:: Material shown ::
——————————

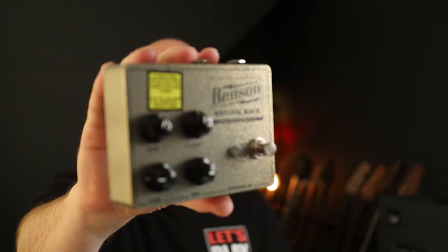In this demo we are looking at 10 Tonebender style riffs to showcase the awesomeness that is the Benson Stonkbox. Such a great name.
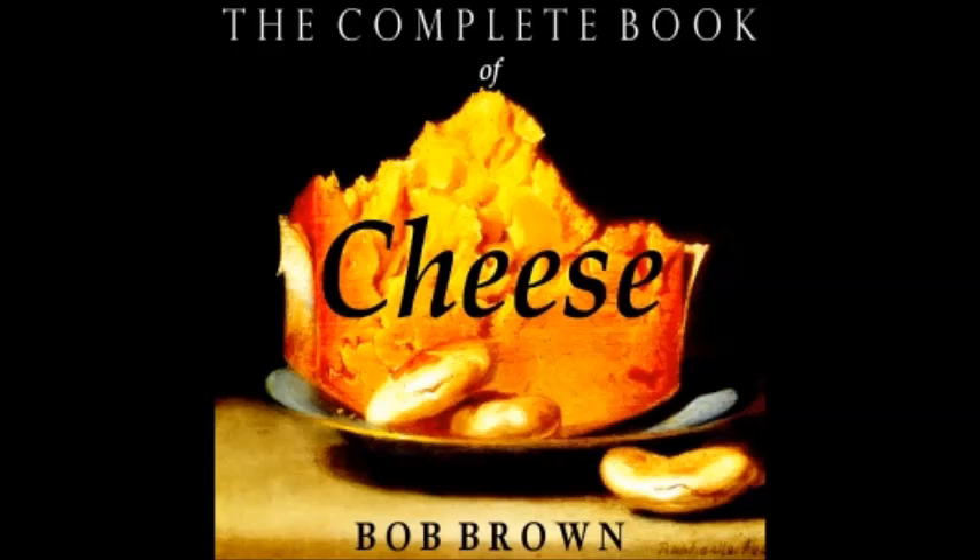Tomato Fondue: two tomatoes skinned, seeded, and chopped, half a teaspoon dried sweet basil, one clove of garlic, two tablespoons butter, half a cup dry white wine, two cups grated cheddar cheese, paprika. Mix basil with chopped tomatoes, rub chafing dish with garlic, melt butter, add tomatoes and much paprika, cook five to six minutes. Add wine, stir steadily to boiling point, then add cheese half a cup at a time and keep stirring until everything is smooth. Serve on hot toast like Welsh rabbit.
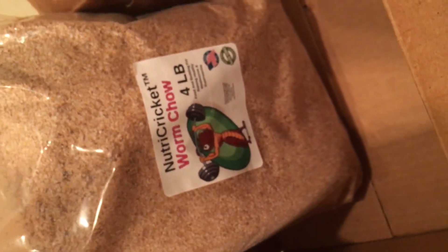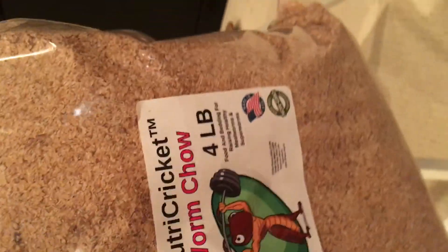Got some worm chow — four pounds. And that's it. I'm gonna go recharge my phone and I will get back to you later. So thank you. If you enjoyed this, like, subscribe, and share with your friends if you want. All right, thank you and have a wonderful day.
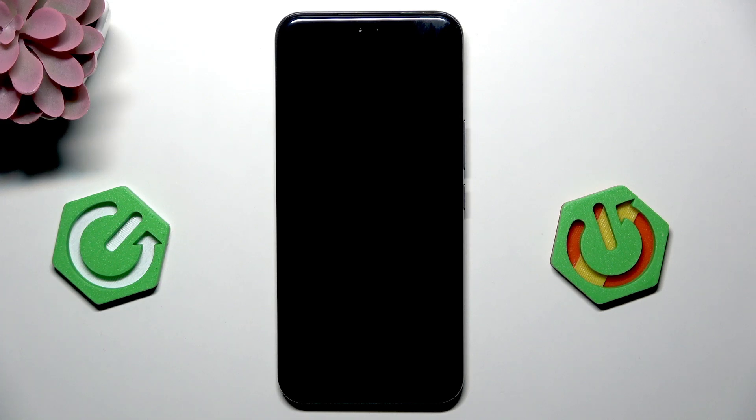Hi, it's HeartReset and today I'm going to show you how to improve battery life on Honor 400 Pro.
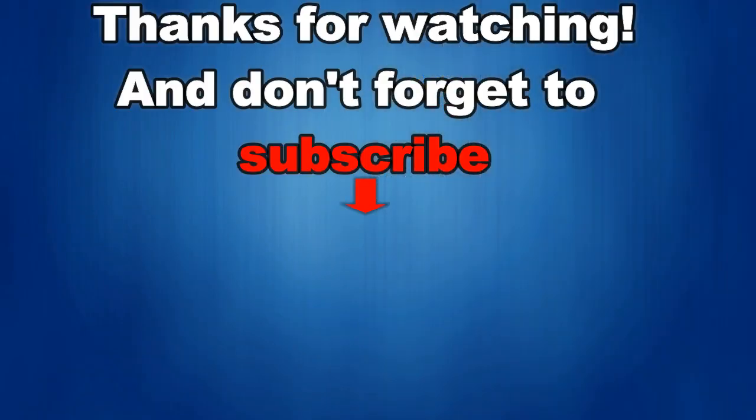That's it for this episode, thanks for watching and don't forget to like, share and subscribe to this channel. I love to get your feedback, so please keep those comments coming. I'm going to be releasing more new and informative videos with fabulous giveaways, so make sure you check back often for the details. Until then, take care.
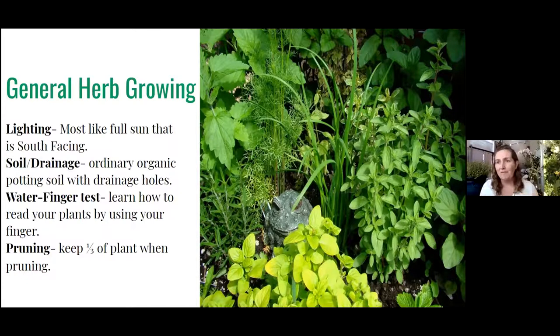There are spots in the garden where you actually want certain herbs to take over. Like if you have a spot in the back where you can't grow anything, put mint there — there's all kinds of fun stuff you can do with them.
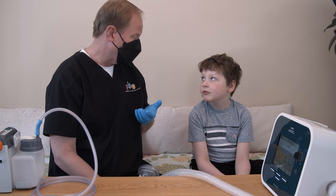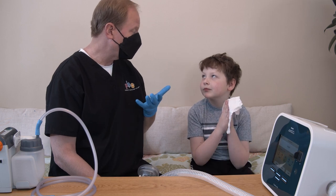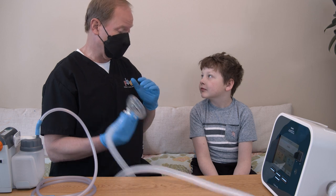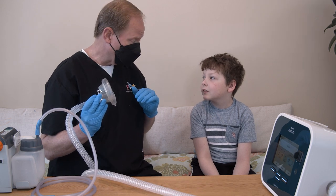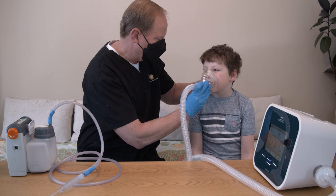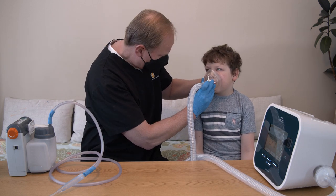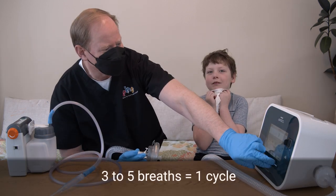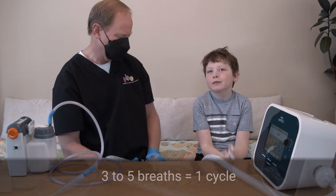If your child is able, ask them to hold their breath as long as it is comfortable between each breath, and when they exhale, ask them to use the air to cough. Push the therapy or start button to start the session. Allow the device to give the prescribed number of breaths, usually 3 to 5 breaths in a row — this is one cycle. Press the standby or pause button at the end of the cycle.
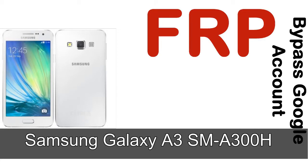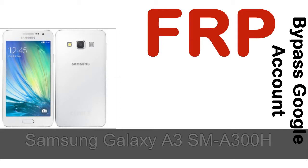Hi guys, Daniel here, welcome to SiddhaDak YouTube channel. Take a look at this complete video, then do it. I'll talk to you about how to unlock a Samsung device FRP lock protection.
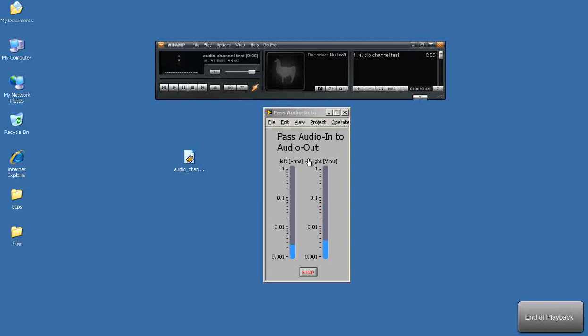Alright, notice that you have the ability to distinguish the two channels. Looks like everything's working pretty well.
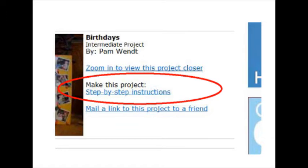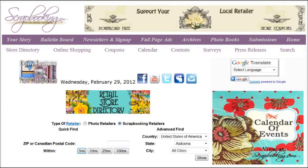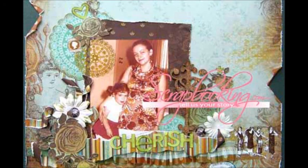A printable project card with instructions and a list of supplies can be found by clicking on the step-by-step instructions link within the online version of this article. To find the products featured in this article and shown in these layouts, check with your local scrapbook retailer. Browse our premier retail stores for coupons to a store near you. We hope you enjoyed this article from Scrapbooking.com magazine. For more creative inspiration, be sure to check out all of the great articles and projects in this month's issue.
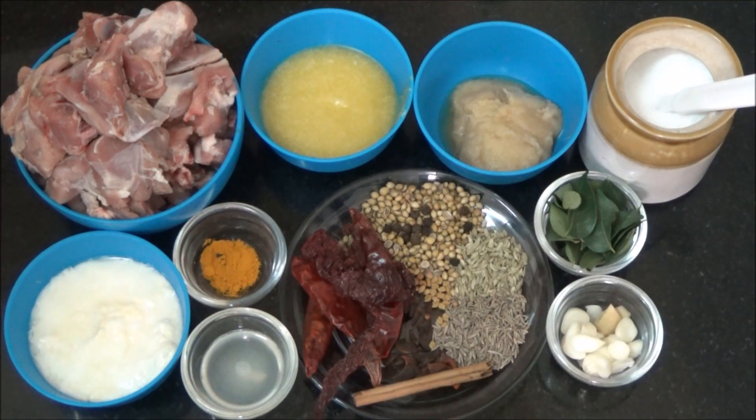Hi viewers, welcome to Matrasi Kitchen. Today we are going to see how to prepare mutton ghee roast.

——————————

:: Activity ::
Please repeat every line of the material above exactly and without its pictures.

:: Reply to the task ::
In this demo we are looking at 10 Tonebender style riffs to showcase the awesomeness that is the Benson Stonkbox. Such a great name.
Tomato Fondue: two tomatoes skinned, seeded, and chopped, half a teaspoon dried sweet basil, one clove of garlic, two tablespoons butter, half a cup dry white wine, two cups grated cheddar cheese, paprika. Mix basil with chopped tomatoes, rub chafing dish with garlic, melt butter, add tomatoes and much paprika, cook five to six minutes. Add wine, stir steadily to boiling point, then add cheese half a cup at a time and keep stirring until everything is smooth. Serve on hot toast like Welsh rabbit.
Got some worm chow — four pounds. And that's it. I'm gonna go recharge my phone and I will get back to you later. So thank you. If you enjoyed this, like, subscribe, and share with your friends if you want. All right, thank you and have a wonderful day.
Hi, it's HeartReset and today I'm going to show you how to improve battery life on Honor 400 Pro.
That's it for this episode, thanks for watching and don't forget to like, share and subscribe to this channel. I love to get your feedback, so please keep those comments coming. I'm going to be releasing more new and informative videos with fabulous giveaways, so make sure you check back often for the details. Until then, take care.
There are spots in the garden where you actually want certain herbs to take over. Like if you have a spot in the back where you can't grow anything, put mint there — there's all kinds of fun stuff you can do with them.
If your child is able, ask them to hold their breath as long as it is comfortable between each breath, and when they exhale, ask them to use the air to cough. Push the therapy or start button to start the session. Allow the device to give the prescribed number of breaths, usually 3 to 5 breaths in a row — this is one cycle. Press the standby or pause button at the end of the cycle.
Hi guys, Daniel here, welcome to SiddhaDak YouTube channel. Take a look at this complete video, then do it. I'll talk to you about how to unlock a Samsung device FRP lock protection.
Alright, notice that you have the ability to distinguish the two channels. Looks like everything's working pretty well.
A printable project card with instructions and a list of supplies can be found by clicking on the step-by-step instructions link within the online version of this article. To find the products featured in this article and shown in these layouts, check with your local scrapbook retailer. Browse our premier retail stores for coupons to a store near you. We hope you enjoyed this article from Scrapbooking.com magazine. For more creative inspiration, be sure to check out all of the great articles and projects in this month's issue.
Hi viewers, welcome to Matrasi Kitchen. Today we are going to see how to prepare mutton ghee roast.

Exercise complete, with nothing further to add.